▶ [Description of the task]:
Below is a block of entries; repeat exactly the lines starting at the line that contains "Pendentifs Cœur Grenat" and ending at the line that contains "KOMUEE 4 Piece", both included.

Crawled caption data
◆ ◆ ◆ ◆ ◆

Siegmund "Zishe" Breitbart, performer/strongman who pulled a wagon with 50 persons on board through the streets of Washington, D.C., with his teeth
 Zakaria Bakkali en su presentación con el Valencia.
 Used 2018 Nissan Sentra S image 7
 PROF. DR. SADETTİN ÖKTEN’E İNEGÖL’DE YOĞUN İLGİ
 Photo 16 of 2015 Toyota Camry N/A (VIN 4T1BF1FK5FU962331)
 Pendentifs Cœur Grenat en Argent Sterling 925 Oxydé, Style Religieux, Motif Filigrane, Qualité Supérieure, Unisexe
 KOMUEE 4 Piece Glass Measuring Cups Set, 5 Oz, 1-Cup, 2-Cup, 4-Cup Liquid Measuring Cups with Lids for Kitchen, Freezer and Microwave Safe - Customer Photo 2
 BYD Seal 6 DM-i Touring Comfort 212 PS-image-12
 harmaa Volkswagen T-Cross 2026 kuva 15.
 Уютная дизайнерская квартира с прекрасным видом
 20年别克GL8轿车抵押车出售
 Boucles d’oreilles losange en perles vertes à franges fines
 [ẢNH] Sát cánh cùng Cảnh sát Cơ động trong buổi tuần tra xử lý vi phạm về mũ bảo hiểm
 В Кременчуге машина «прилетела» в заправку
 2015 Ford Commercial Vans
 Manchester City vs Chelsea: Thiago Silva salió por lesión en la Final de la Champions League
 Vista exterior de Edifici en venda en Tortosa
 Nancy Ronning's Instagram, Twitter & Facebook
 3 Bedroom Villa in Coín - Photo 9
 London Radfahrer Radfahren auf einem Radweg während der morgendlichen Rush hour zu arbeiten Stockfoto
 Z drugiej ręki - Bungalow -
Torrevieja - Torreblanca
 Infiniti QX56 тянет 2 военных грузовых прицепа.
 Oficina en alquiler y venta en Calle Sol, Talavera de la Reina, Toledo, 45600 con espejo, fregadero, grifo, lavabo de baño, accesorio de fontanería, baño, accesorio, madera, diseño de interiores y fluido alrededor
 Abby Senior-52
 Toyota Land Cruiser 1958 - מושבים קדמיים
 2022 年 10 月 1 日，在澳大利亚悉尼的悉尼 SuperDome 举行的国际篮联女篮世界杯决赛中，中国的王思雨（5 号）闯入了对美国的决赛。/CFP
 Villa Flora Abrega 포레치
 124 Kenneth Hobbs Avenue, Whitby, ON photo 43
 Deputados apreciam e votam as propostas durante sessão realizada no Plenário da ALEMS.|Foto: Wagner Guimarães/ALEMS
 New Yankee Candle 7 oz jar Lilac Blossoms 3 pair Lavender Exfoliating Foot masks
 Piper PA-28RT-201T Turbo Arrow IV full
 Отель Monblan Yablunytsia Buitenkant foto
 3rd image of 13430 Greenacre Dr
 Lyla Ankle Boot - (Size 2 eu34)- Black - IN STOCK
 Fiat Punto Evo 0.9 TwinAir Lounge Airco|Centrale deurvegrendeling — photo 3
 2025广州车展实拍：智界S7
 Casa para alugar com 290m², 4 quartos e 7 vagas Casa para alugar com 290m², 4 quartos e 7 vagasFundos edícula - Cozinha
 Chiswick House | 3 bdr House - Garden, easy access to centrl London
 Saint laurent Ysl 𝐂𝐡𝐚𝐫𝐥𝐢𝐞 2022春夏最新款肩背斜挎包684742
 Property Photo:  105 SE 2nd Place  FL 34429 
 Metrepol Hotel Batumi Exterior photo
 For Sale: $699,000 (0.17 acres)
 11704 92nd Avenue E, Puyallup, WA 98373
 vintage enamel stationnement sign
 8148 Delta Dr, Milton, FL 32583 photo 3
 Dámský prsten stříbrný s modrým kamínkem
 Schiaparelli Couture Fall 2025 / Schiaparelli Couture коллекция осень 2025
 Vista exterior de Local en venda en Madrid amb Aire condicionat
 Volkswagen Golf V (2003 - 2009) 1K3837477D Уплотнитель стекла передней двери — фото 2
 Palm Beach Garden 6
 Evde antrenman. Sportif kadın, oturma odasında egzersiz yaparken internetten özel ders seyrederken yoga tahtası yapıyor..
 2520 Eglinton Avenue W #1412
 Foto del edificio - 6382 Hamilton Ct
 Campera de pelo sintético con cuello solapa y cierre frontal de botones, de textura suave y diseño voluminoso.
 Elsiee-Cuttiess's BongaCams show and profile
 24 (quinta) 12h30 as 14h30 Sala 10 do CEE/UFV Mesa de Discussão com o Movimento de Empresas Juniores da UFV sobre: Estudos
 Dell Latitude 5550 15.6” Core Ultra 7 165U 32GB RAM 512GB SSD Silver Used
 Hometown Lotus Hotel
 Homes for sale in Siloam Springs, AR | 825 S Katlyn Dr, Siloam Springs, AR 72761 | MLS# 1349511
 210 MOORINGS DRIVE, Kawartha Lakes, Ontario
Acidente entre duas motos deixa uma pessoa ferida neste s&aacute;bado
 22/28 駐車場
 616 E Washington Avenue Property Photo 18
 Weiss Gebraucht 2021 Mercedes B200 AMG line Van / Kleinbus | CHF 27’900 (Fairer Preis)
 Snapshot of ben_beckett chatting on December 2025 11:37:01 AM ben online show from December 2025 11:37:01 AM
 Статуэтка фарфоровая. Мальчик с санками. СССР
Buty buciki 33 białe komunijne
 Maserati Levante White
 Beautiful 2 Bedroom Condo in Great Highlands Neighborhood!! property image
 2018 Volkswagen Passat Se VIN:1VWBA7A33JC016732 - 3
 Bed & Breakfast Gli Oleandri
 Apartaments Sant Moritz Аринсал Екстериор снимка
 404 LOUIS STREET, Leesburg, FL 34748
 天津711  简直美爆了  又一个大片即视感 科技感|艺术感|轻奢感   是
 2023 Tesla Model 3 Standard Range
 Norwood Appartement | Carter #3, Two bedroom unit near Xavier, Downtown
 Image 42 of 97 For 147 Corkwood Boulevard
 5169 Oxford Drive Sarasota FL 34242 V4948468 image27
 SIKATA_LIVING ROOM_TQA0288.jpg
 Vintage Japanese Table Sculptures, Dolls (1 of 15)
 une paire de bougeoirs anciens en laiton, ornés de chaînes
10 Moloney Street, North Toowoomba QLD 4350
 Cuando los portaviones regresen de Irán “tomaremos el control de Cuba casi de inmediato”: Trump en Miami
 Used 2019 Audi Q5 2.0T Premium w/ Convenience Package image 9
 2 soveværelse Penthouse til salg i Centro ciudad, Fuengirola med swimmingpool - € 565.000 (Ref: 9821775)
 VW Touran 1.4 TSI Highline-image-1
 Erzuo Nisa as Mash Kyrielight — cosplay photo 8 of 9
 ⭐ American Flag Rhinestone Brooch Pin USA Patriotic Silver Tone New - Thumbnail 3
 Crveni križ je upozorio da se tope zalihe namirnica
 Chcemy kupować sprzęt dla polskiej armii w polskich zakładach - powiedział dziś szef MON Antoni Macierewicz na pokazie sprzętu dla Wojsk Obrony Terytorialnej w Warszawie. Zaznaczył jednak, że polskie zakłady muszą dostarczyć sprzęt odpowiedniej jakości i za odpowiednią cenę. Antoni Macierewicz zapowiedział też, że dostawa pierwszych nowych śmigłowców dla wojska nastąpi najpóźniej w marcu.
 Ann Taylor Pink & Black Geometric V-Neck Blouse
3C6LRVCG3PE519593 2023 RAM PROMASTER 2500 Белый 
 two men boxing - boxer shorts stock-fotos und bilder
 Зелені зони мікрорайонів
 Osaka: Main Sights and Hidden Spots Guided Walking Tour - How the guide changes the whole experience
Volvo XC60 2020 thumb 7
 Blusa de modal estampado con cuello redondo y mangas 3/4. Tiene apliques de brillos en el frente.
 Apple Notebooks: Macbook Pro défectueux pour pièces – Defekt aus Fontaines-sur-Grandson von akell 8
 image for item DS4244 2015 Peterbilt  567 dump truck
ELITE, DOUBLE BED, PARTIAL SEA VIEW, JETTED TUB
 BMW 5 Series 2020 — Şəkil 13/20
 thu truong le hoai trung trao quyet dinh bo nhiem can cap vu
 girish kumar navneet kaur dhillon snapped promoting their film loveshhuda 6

◆ ◆ ◆ ◆ ◆

▶ [Problem solution]:
 Pendentifs Cœur Grenat en Argent Sterling 925 Oxydé, Style Religieux, Motif Filigrane, Qualité Supérieure, Unisexe
 KOMUEE 4 Piece Glass Measuring Cups Set, 5 Oz, 1-Cup, 2-Cup, 4-Cup Liquid Measuring Cups with Lids for Kitchen, Freezer and Microwave Safe - Customer Photo 2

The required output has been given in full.